**Items from a dataset**.
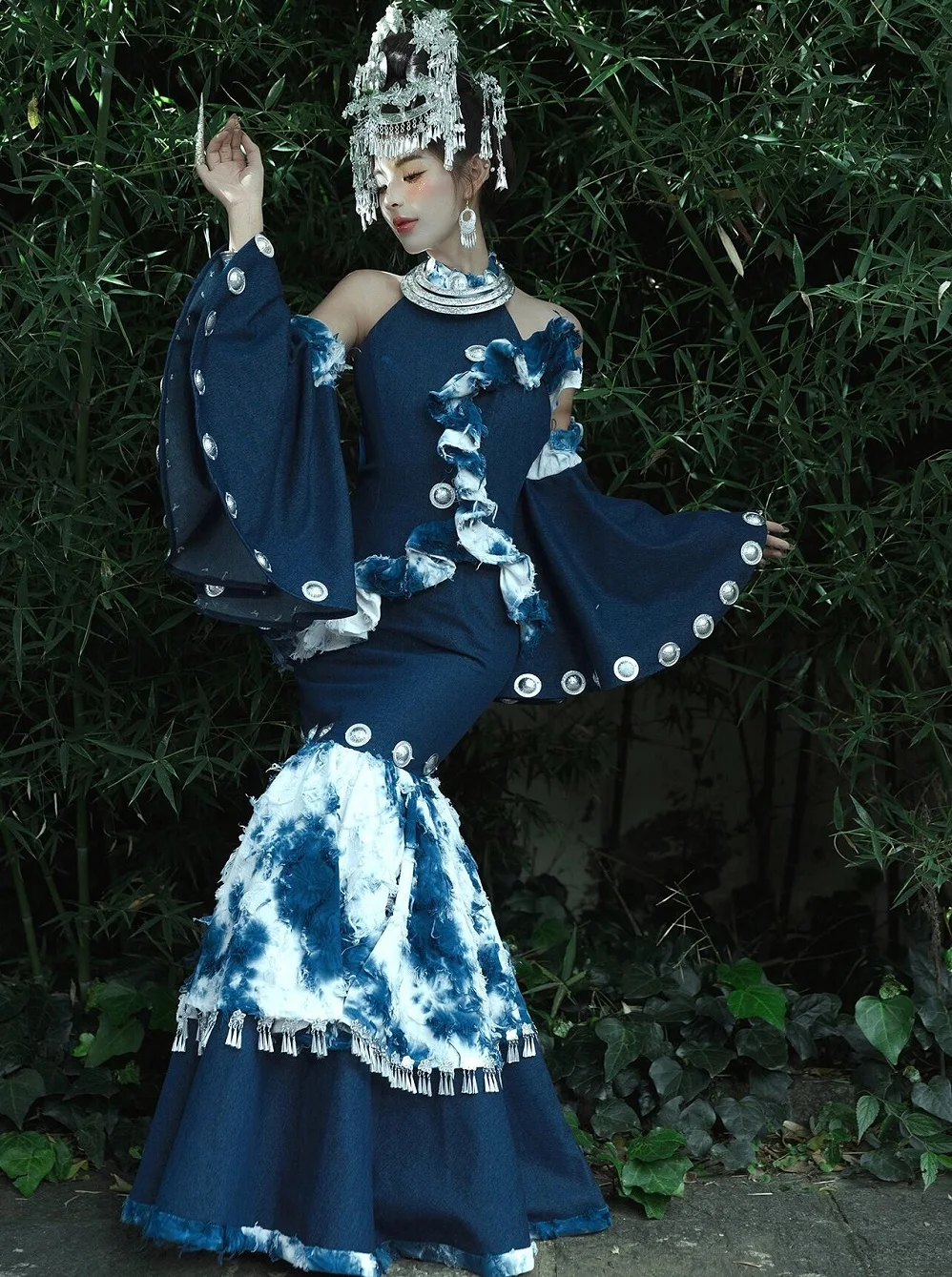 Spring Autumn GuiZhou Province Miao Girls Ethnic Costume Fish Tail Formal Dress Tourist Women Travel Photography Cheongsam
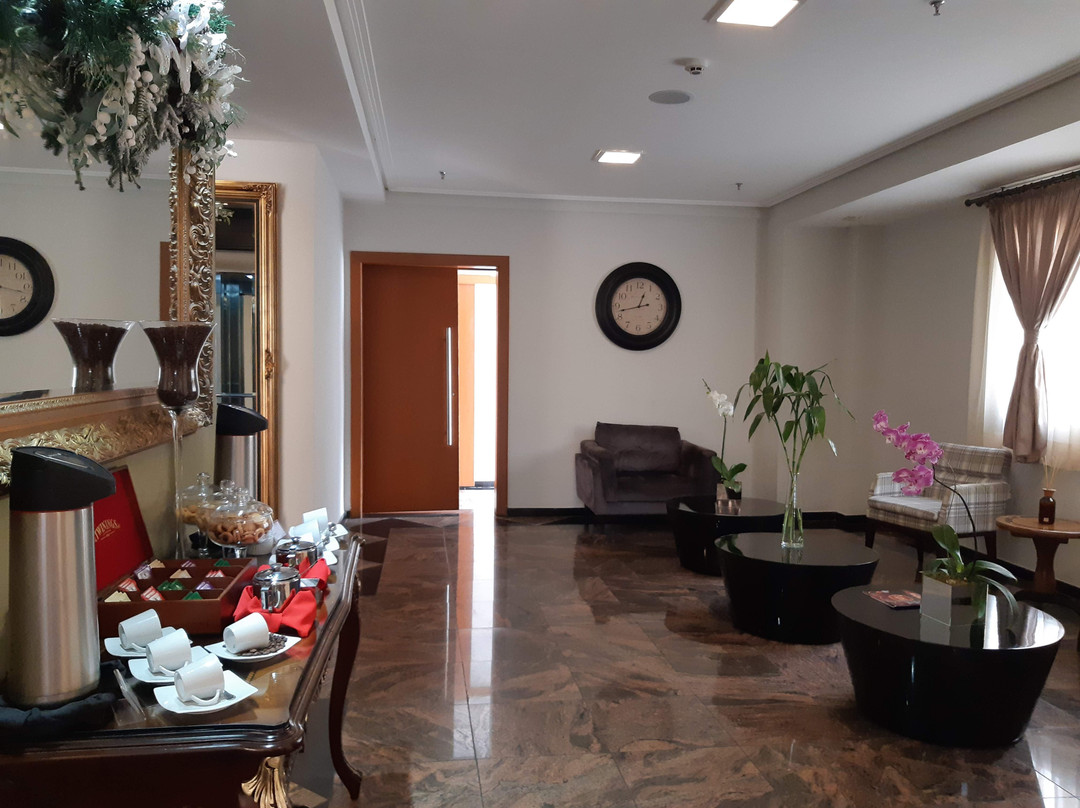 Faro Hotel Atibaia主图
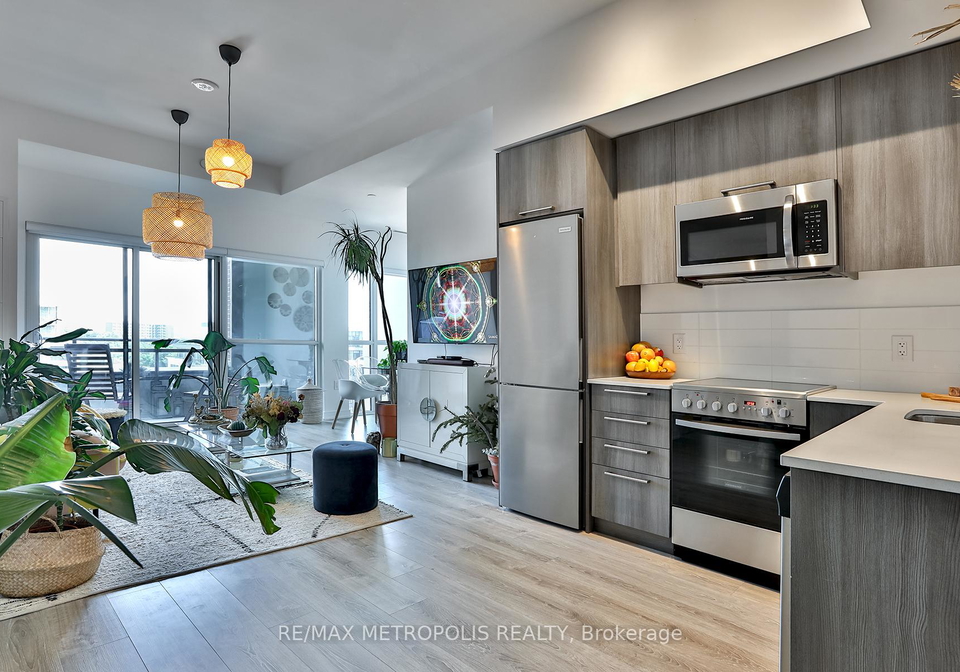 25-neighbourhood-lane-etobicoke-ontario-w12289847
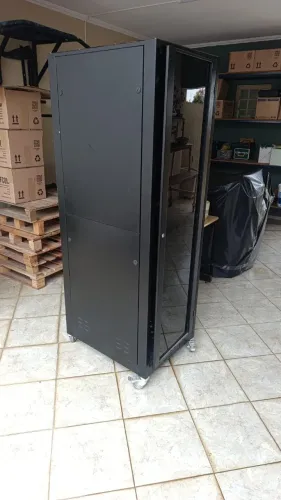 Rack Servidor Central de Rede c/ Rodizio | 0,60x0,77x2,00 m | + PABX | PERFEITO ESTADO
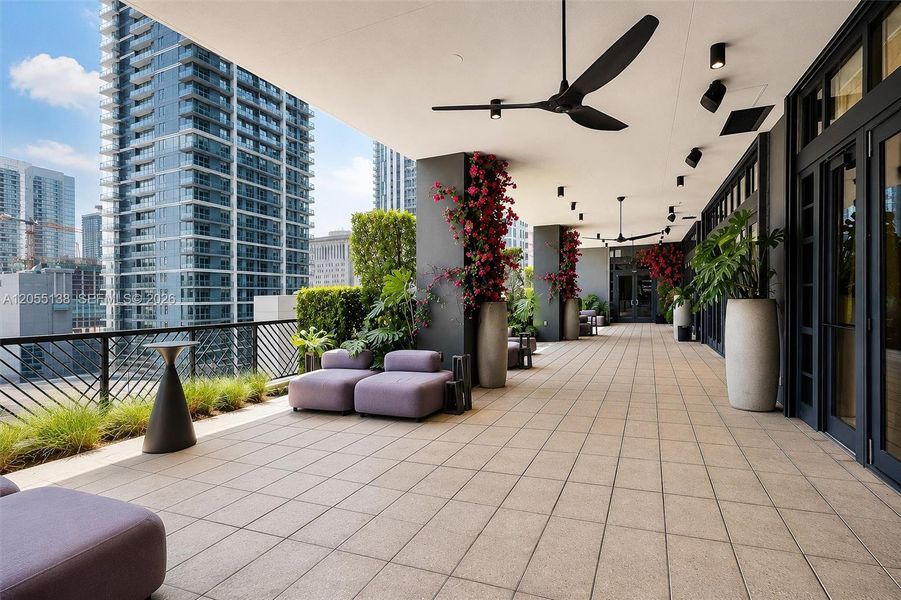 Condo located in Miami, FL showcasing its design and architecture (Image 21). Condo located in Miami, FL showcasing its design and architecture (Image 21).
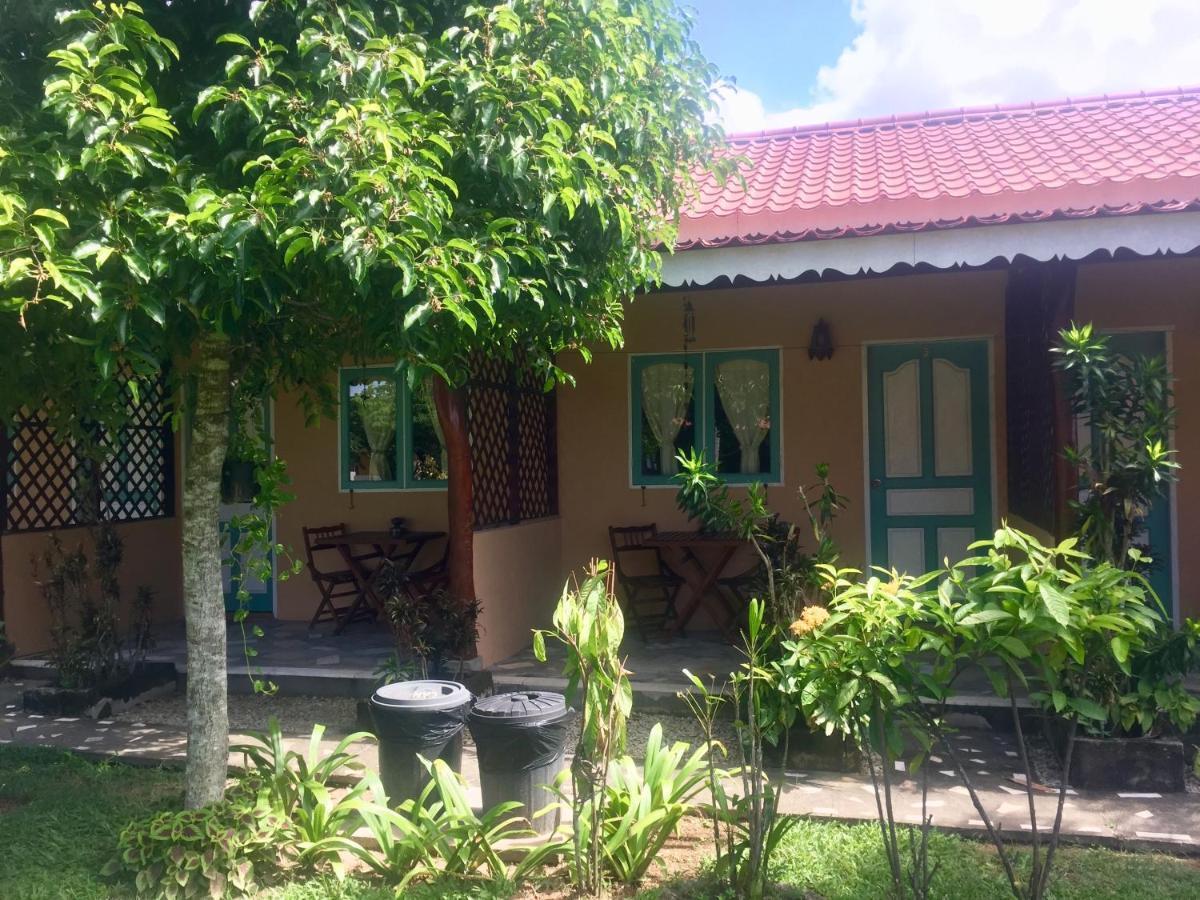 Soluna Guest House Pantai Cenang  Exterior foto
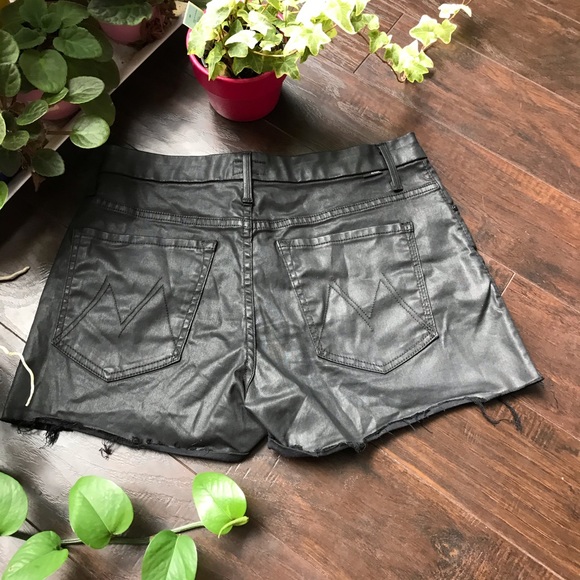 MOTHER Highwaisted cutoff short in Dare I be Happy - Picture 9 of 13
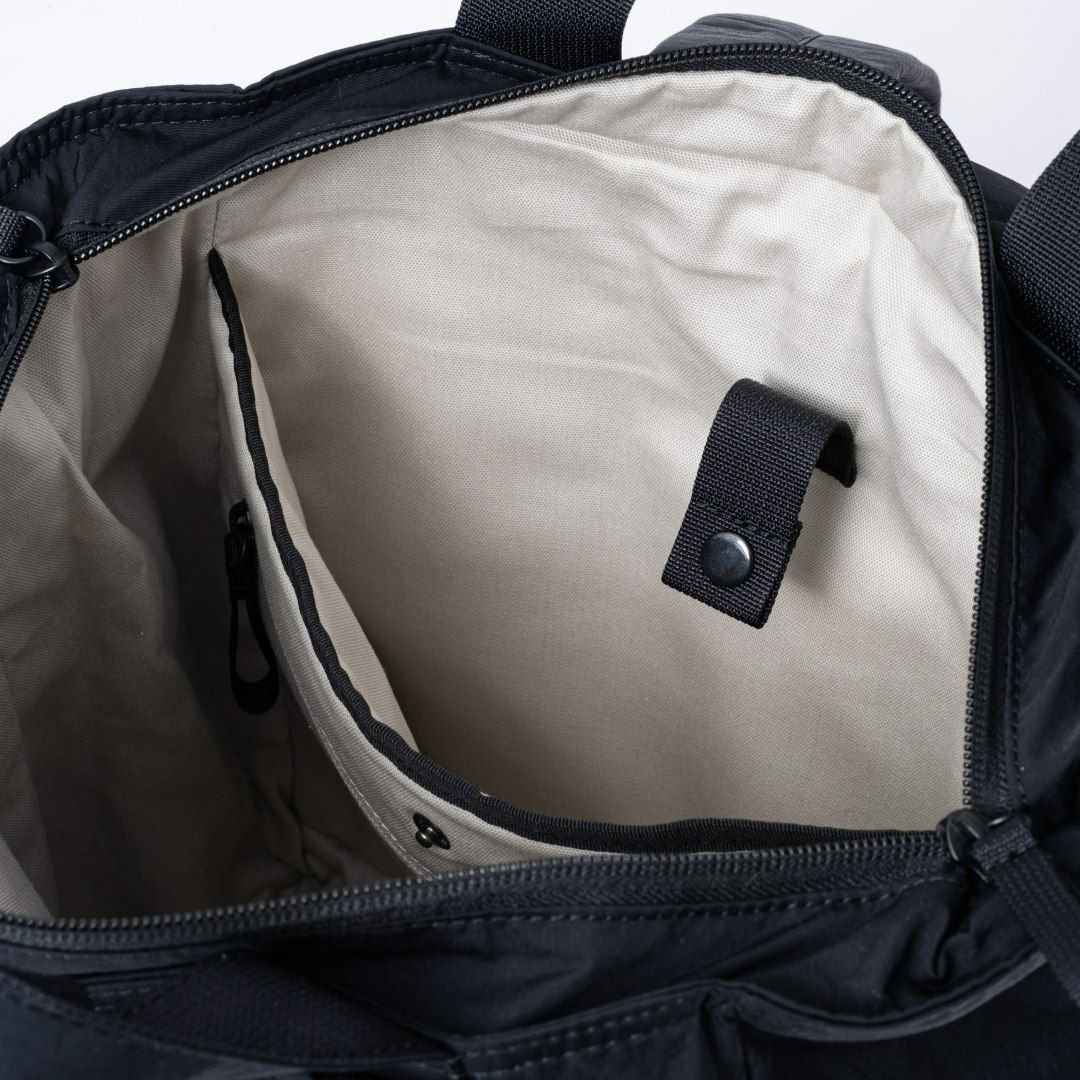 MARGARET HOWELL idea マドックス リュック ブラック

**EXERCISE GOAL**.
Reproduce the lines from the one with "(Image 21). Condo" through the end of the data, keeping both end lines, adding nothing, and dropping any pictures.

**ANSWER TO THIS PROBLEM**.
 Condo located in Miami, FL showcasing its design and architecture (Image 21). Condo located in Miami, FL showcasing its design and architecture (Image 21).
 Soluna Guest House Pantai Cenang  Exterior foto
 MOTHER Highwaisted cutoff short in Dare I be Happy - Picture 9 of 13
 MARGARET HOWELL idea マドックス リュック ブラック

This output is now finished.